# I won him!



## turtle10 (Dec 30, 2010)

I am so excited I won the Marble Dalmation Male Betta on Aquabid! 

Here he is:

Any name suggestions? Also, how loud can I play music in my room without bothering him? I have always wondered that…


----------



## leaveittoweaver (May 30, 2010)

He's gorgeous!


----------



## monroe0704 (Nov 17, 2010)

Glad you got him! I think he's a sibling of the guy I got... I'd name him Meteor!


----------



## turtle10 (Dec 30, 2010)

Ooh I like that name


----------



## shinybetta (Jul 3, 2010)

Nishippo? Two tailed in japanese.


----------



## turtle10 (Dec 30, 2010)

That is so cute! Is that also how you pronounce it? Nee-shee-po? 

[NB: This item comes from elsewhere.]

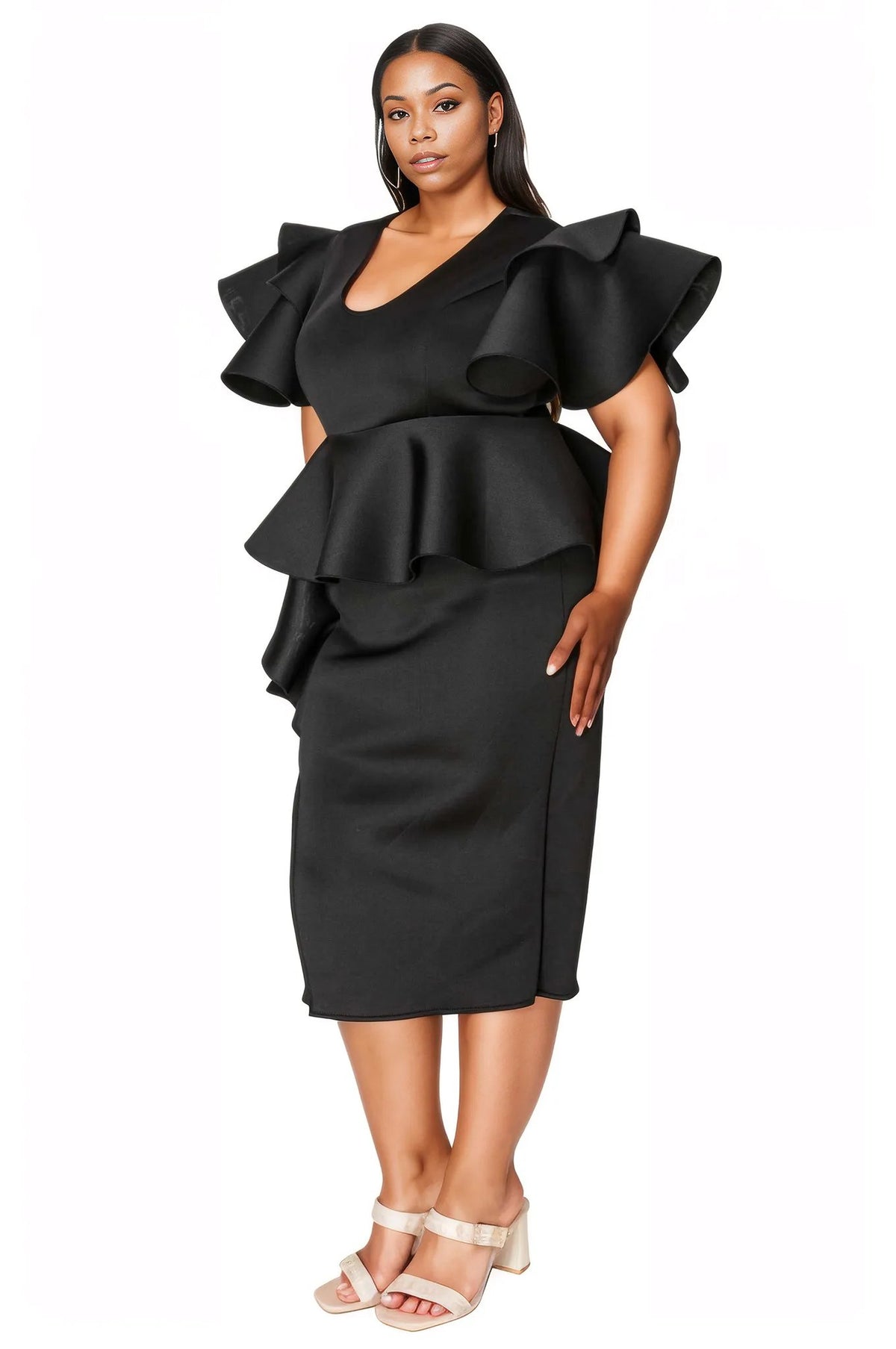 L I V D Plus Size Kira Neoprene Peplum Dress L I V D Plus Size Kira Neoprene Peplum Dress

Does loud music negatively affect bettas??


----------



## shinybetta (Jul 3, 2010)

Yep, you pronounced it correct. If the music is so loud that the whole tank, gravel, plants, deco, and fish are vibrating then it can be harmful. But if it is this loud it would be harmful for people to so if it is too loud for you it is to loud for your fish.


----------



## turtle10 (Dec 30, 2010)

Okay cool. I just wanted to make sure they weren't like super sensitive so sound waves or something.


----------



## shinybetta (Jul 3, 2010)

Gourami's are super sensitive to sound waves, but not bettas.
He is very nice looking! He looks like he has a mustache.


----------



## turtle10 (Dec 30, 2010)

I know I love his 'stache!


----------



## Bettas143 (Dec 20, 2010)

Name him Glacier


----------



## Fermin (Apr 18, 2010)

Congrats! He is awesome and so his is 'stache lol.


----------



## MrVampire181 (May 12, 2009)

Don't be suprised if he gets to you all blue or something haha.


----------



## monroe0704 (Nov 17, 2010)

MrVampire181 said:


> Don't be suprised if he gets to you all blue or something haha.

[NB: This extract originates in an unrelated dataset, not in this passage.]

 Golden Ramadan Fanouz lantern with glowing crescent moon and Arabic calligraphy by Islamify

I agree! Harley is marble and is slowly turning all blue... He just has patches of white here and there now...


----------



## xswornxoffxjello (Mar 18, 2010)

Wow! Congratulations on your win! He's a gorgeous boy, with his cute little mustache. Awww!


----------



## turtle10 (Dec 30, 2010)

I don't mind what color he is lol, I already love him 

But that would be pretty funny.


----------



## dr2b (May 31, 2009)

He is gorgeous!


----------



## crowntail lover (Apr 25, 2009)

He is beautiful! Glad you won him!


----------



## turtle10 (Dec 30, 2010)

I know me too! I can't wait to see him in person.


----------



## dukie1346 (Mar 22, 2009)

He's beautiful! Lovely coloring


----------



## fishman12 (Sep 1, 2010)

Looks cool!


----------



## Omboc (Dec 25, 2010)

I like the name Andromeda for this particular guy


----------



## LucyLoofa (May 30, 2010)

^
+1000
Then again I'm partial to space related names. (Total Carl Sagan fangirl haha)




shinybetta said:


> Gourami's are super sensitive to sound waves, but not bettas.
> He is very nice looking! He looks like he has a mustache.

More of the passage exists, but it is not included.